Which is best? And is there another way? The answer came from MIT computer scientist Erik Demaine and his team who studied both for their seminal paper ‘Wrapping the Mozartkugel’ in Abstracts of the 20th European Workshop on Computational Geometry which was, appropriately enough, held in Austria.
Demaine and his team selflessly bought and carefully unwrapped large numbers of both confections, smoothing out the paper to discover the geometrical secrets of its manufacture. They also felt duty bound to eat the chocolates in the process.
Thanks to some fancy computational geometry, they discovered that there was a way to wrap the chocolates more efficiently by placing the sphere on a foil triangle and wrapping the three corners of the triangle around and slightly past the sphere’s opposite pole. This reduced the wrapping area by a slightly unimpressive 0.1 per cent. However, when you make millions of sweets a year, even those tiny savings can add up.

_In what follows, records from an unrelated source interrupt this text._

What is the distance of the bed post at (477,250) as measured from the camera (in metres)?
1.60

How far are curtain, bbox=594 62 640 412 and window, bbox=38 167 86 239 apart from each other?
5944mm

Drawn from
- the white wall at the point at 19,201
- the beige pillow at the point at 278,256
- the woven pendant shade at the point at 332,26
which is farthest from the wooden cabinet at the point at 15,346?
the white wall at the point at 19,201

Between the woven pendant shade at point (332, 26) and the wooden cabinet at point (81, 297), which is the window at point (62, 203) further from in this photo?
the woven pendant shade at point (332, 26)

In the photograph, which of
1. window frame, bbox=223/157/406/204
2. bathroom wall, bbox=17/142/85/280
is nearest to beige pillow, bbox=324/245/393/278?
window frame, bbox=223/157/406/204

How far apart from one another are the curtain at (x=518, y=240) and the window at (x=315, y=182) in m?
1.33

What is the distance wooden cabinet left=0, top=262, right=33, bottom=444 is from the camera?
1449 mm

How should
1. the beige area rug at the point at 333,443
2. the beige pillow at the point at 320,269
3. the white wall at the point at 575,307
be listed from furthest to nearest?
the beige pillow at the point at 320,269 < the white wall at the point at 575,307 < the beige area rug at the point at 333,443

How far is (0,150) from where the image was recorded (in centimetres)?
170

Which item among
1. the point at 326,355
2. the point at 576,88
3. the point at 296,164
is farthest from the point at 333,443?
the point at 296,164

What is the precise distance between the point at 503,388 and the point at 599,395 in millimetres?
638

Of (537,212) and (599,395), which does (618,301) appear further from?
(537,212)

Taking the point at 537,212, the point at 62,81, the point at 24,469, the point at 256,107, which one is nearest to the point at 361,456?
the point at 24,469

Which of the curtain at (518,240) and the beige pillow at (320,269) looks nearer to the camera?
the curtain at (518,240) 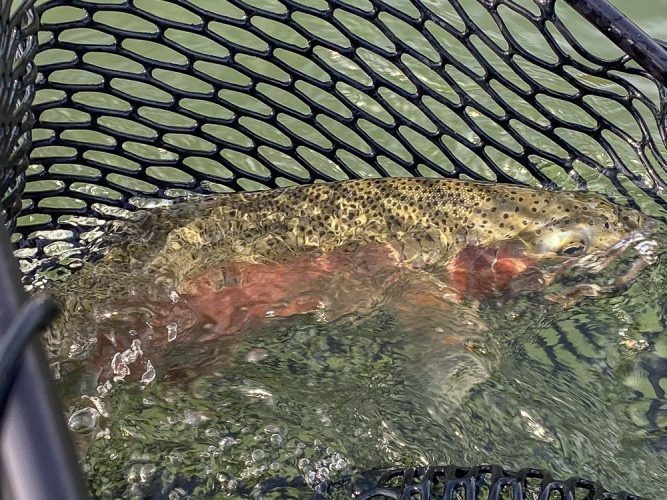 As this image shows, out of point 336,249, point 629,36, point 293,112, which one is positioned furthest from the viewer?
point 336,249

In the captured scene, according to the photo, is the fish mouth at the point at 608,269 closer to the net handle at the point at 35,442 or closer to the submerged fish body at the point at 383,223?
the submerged fish body at the point at 383,223

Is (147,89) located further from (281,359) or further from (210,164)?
(281,359)

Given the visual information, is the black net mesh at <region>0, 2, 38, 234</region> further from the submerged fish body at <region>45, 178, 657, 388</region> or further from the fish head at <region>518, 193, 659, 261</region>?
the fish head at <region>518, 193, 659, 261</region>

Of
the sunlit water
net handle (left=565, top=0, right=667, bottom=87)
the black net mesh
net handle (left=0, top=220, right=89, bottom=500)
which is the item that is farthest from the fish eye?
net handle (left=0, top=220, right=89, bottom=500)

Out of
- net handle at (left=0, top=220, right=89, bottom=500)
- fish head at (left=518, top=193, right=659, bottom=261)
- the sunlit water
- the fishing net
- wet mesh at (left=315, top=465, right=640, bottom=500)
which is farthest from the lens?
fish head at (left=518, top=193, right=659, bottom=261)

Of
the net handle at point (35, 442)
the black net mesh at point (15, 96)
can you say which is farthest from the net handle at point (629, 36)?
the net handle at point (35, 442)

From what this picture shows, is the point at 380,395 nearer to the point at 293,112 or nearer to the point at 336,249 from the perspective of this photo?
the point at 336,249

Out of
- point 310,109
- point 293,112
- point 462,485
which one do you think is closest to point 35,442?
point 462,485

Why bother? In a footnote to their article, Demaine’s team sagely opine: “The reduced material usage also indirectly cuts down on CO2 emissions, and therefore partially solves the global-warming problem and consequently the little-reported but equally important chocolate-melting problem.”
There are, of course, other solutions. Demaine suggests one made of ‘petals’ of foil, rather like the gores of a map, which could save 20 per cent, but would require cutting a complex shape and working out how best to make the shape tile the plane so it could be repeatedly and efficiently cut out from a single sheet of foil. Then it would also have to be carefully wrapped around the chocolate. At this point, everyone just decided to have another chocolate and forget it.